# SuperTXT Semantics

type: Guide
dateModified: 2023-04-25T20:16:42-04:00^^^DateTime

One of the principles of SuperTXT is to enhance readability by both humans and machines in a simple text format. Much can be inferred by a machine by interpreting text, along with the interconnections with hyperlinking. This is what popular search engines have been doing for decades at a cost of complexity. What if we can put explicit semantic information into our documents so that simple tools can read it?

## Document semantics

Many of the documents in this site contain a point underneath the top-level heading that looks like this.

.s.txt

# Heading
* type: Guide

Notice that the point is right underneath the single top-level heading. Also, there's a colon in it. This is a semantic point for the document.

With this convention we now have a really simple way to find what documents are what type, and find documents of a particular type. A large number of tools will walk a file tree for a snippet of text.

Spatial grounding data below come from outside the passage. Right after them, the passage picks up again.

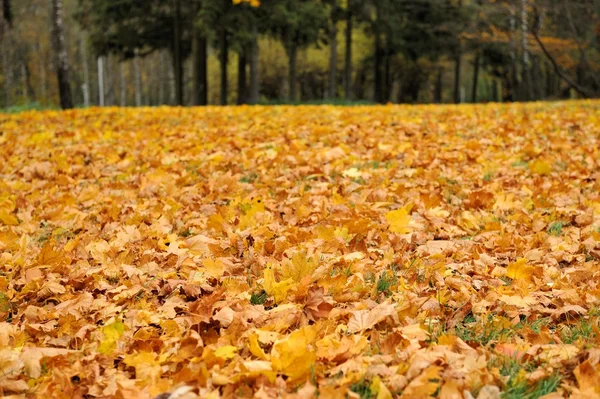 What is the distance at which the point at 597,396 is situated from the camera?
1.57 m

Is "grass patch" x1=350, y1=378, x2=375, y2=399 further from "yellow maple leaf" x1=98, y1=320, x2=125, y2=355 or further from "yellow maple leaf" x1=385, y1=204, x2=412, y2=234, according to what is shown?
"yellow maple leaf" x1=385, y1=204, x2=412, y2=234

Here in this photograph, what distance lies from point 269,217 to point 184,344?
1631 millimetres

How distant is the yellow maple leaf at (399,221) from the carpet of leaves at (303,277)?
1cm

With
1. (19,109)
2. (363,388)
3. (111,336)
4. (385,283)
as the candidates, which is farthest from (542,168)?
(19,109)

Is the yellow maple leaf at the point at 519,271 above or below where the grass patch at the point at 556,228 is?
above

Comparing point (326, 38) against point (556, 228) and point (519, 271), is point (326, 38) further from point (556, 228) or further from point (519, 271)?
point (519, 271)

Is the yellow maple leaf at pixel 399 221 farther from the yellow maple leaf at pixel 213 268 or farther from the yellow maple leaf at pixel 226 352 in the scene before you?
the yellow maple leaf at pixel 226 352

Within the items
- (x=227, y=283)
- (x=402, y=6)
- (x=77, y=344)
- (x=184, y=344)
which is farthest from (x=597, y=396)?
(x=402, y=6)

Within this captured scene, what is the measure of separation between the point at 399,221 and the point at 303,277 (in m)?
1.02

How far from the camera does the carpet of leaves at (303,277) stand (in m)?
1.71

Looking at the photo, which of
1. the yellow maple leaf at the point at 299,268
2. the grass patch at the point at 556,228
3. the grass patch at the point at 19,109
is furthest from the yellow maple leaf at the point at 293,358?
the grass patch at the point at 19,109

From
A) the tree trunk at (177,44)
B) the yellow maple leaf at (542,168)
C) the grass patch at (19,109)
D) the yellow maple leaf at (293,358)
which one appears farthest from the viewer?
the tree trunk at (177,44)

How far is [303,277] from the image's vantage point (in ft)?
7.97

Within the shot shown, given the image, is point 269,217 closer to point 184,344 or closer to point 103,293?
point 103,293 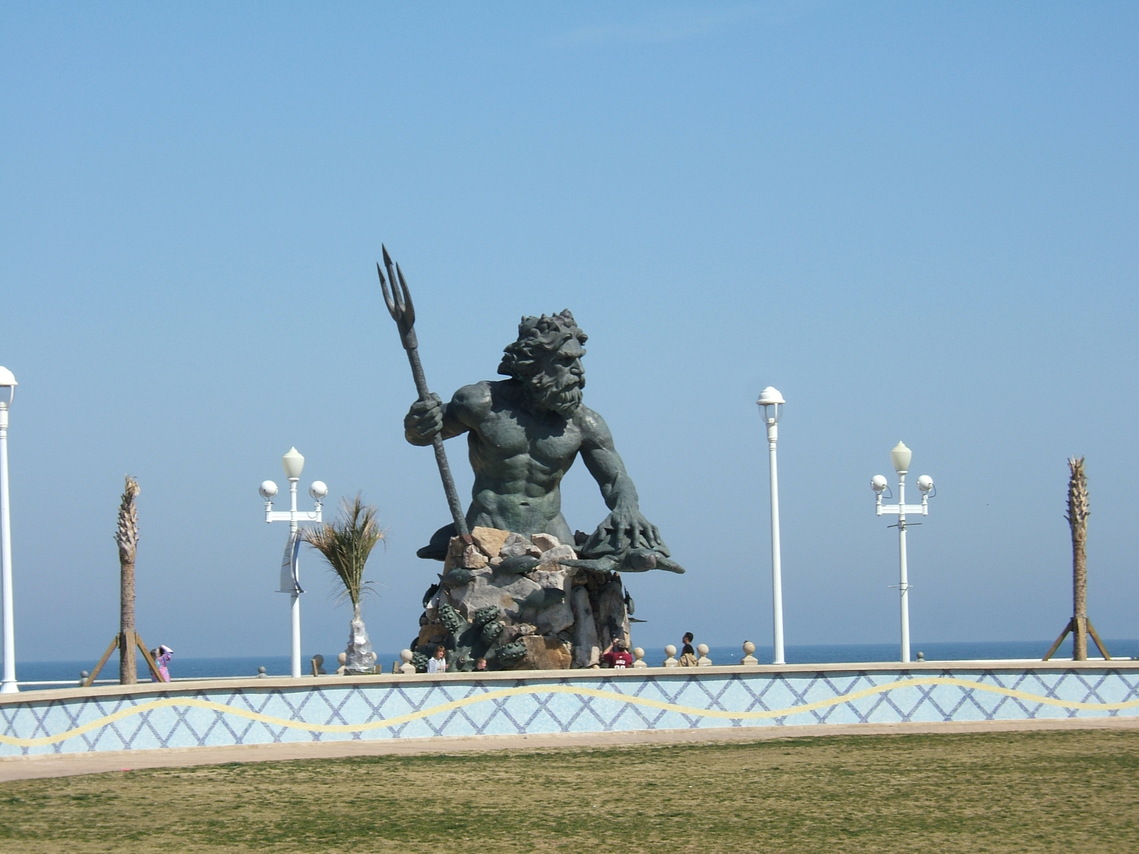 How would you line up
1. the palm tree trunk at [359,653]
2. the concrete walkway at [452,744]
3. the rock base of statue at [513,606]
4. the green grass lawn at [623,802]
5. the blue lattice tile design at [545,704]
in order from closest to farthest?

Here is the text that we can use to find all the types.

.txt

* type:

For better precision we can use a regular expression, which is also well supported, matching the beginning of a line and greedily matching until the end of the line.

.txt

^\* type: .*

If we use something like grep on this site we might get an output like this with an overview of the documents and their types.

.txt

whats-sshla.s.txt:* type: Article
intro-to-ssc.s.txt:* type: Article
specs/pathname2.s.txt:* type: Specification
specs/command-reflection.s.txt:* type: Specification
specs/show-output.s.txt:* type: Specification
specs/supertxt.s.txt:* type: Specification
specs/report-progress.s.txt:* type: Specification
00-intro.s.txt:* type: Introduction
hosting.s.txt:* type: Guide
browsing.s.txt:* type: Guide
semantics.s.txt:* type: Guide
start.s.txt:* type: GettingStartedGuide

Each line tells us something about the subject, which is the document in this case. But, we're looking at a particular aspect of the document, the predicate "type." Finally, the last bit of information is the value (object) of that information. These three pieces of information form a subject-predicate-object "triple" that gives us one statement of semantic meaning. This kind of semantics resembles a much simplified form of RDF (resource description framework).

→ https://en.wikipedia.org/wiki/Resource_Description_Framework

Every bit of semantic information in SuperTXT has this semantic structure with a subject, predicate and object.

.txt

<subject>	<predicate>	 <object>

Semantics about the document like the above examples the subject is the document itself. The predicate is the portion of the point before the colon character. The value is the remaining portion of the point. Semantic points cannot be placed further down in the document. They must exist before any other SuperTXT elements, such as paragraphs, quotes, preformatted, etc. This is done to help both the reader so that they can see details of the document immediately, and also to help tools to pull this information out quickly without readin the entire document.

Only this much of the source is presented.